[Dataset extract Boundary: Start]
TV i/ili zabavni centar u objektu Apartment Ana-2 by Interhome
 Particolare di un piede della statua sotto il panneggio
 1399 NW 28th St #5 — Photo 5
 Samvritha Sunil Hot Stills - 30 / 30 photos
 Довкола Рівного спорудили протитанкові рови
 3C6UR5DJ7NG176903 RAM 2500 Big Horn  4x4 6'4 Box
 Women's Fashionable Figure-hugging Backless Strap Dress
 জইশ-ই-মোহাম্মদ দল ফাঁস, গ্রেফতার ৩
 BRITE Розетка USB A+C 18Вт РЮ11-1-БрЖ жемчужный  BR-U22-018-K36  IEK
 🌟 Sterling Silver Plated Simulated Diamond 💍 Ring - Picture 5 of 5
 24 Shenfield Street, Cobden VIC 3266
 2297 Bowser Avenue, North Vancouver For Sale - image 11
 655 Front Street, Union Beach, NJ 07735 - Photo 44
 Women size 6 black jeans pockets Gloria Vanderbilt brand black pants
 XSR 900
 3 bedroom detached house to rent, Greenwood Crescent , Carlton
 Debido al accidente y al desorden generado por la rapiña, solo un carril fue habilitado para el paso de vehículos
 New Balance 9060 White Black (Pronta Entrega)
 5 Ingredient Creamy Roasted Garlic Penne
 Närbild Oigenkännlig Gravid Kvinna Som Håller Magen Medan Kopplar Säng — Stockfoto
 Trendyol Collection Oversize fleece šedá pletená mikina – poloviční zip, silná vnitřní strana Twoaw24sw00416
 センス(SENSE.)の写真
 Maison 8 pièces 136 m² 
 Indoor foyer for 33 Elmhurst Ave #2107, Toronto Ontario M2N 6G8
[Dataset extract Boundary: End]
_What this task involves_
Above this instruction are the records; retype exactly the lines from the one containing "655 Front Street, Union" up to and including the one containing "Närbild Oigenkännlig Gravid".

_Exercise solution_
 655 Front Street, Union Beach, NJ 07735 - Photo 44
 Women size 6 black jeans pockets Gloria Vanderbilt brand black pants
 XSR 900
 3 bedroom detached house to rent, Greenwood Crescent , Carlton
 Debido al accidente y al desorden generado por la rapiña, solo un carril fue habilitado para el paso de vehículos
 New Balance 9060 White Black (Pronta Entrega)
 5 Ingredient Creamy Roasted Garlic Penne
 Närbild Oigenkännlig Gravid Kvinna Som Håller Magen Medan Kopplar Säng — Stockfoto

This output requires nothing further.